This internationally famous UFO incident took place in 1986, on January 29, at 7:55 p.m. Some have called it the Roswell Incident of the Soviet Union. The information concerning this incident was sent to us by a number of Russian ufologists.

Dalnegorsk is a small mining town in the Far East of Russia. That cold January day a reddish sphere flew into this town from the southeastern direction, crossed part of Dalnegorsk, and crashed at the Izvestkovaya Mountain (also known as Height or Hill 611, because of its size). The object flew noiselessly, and parallel to the ground; it was approximately three meters in diameter, of a near-perfect round shape, with no projections or cavities, its colour similar to that of burning stainless steel. One eyewitness, V. Kandakov, said that the speed of the UFO was close to 15 meters per hour. The object slowly ascended and descended, and its glow would heat up every time it rose up. On its approach to Hill 611 the object "jerked", and fell down like a rock.

All witnesses reported that the object “jerked” or “jumped”. Most of them recall two “jumps”. Two girls remember that the object actually “jumped” four times. The witnesses heard a weak, muted thump. It burned intensively at the cliff's edge for an hour.

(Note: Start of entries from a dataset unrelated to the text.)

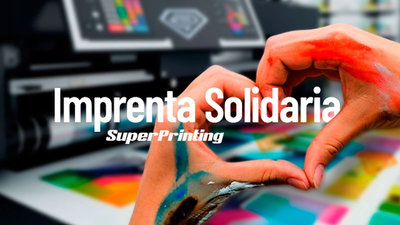 SuperPrinting: la imprenta online que imprime solidaridad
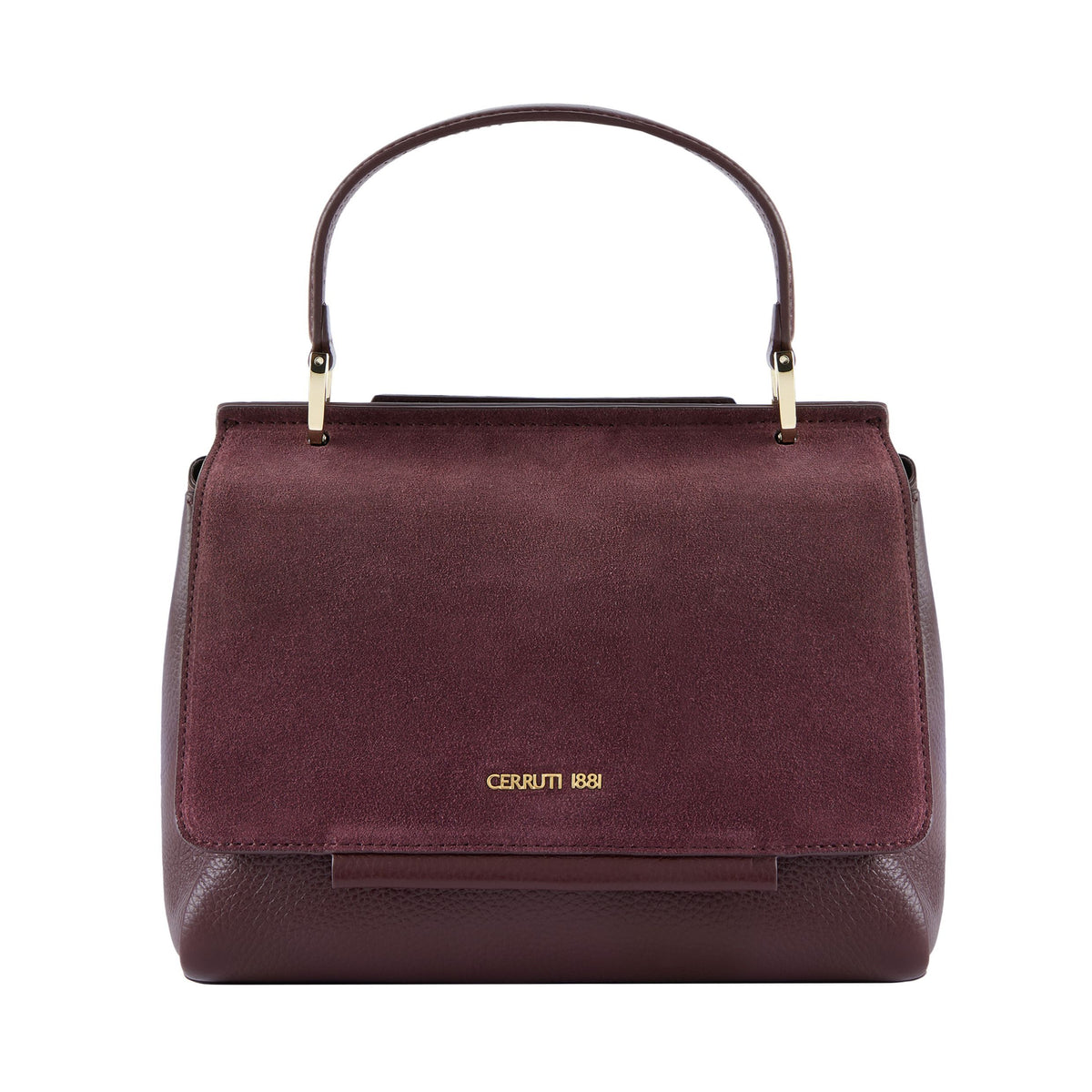 Lady bag BELEN Burgundy
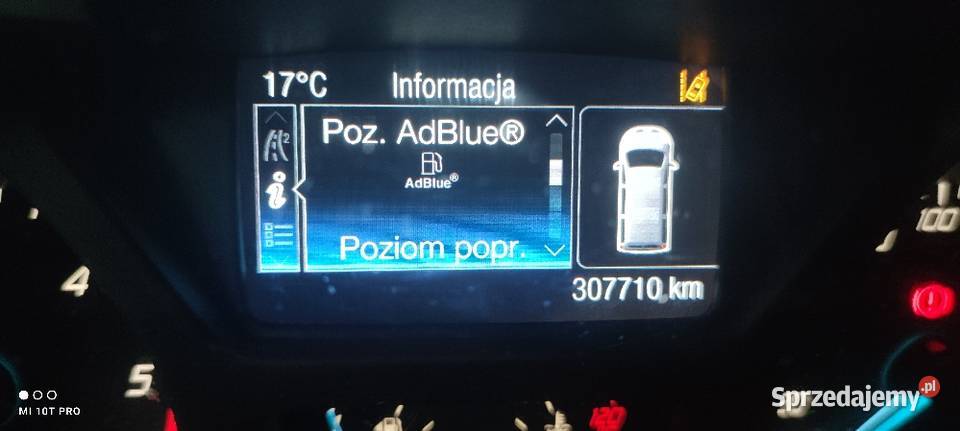 Ford Transit Adblue Kodowanie Diagnostyka Mogilany tuningowanie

A geological expedition to the site, led by V. Skavinsky of the Institute of Geology and Geophysics of the Siberian Branch of the Soviet Academy of Sciences (1988), had confirmed the object's movements through a series of chemical and physical tests of the rocks collected from the site. Valeri Dvuzhilni, head of the Far Eastern Committee for Anomalous Phenomena, was the first to investigate the crash. With the help of our colleagues in Russia this is the most accurate account of the incident to date.

Dr. Dvuzhilni arrived at the site two days after the crash. Deep snow was covered the area at the time. The site of the crash, located on a rocky ledge, was devoid of snow. All around the site remnants of silica splintered rocks were found: (due to exposure to high temperatures), and "smoky" looking. Many pieces, and a nearby rock, contained particles of silvery metal, some "sprayed"-like, some in the form of solidified balls. At the edge of the site a tree-stump was found. It was burnt and emitted a chemical smell. The objects collected at the site were later dubbed as "tiny nets", "little balls", "lead balls", "and glass pieces" (that is what each resembled).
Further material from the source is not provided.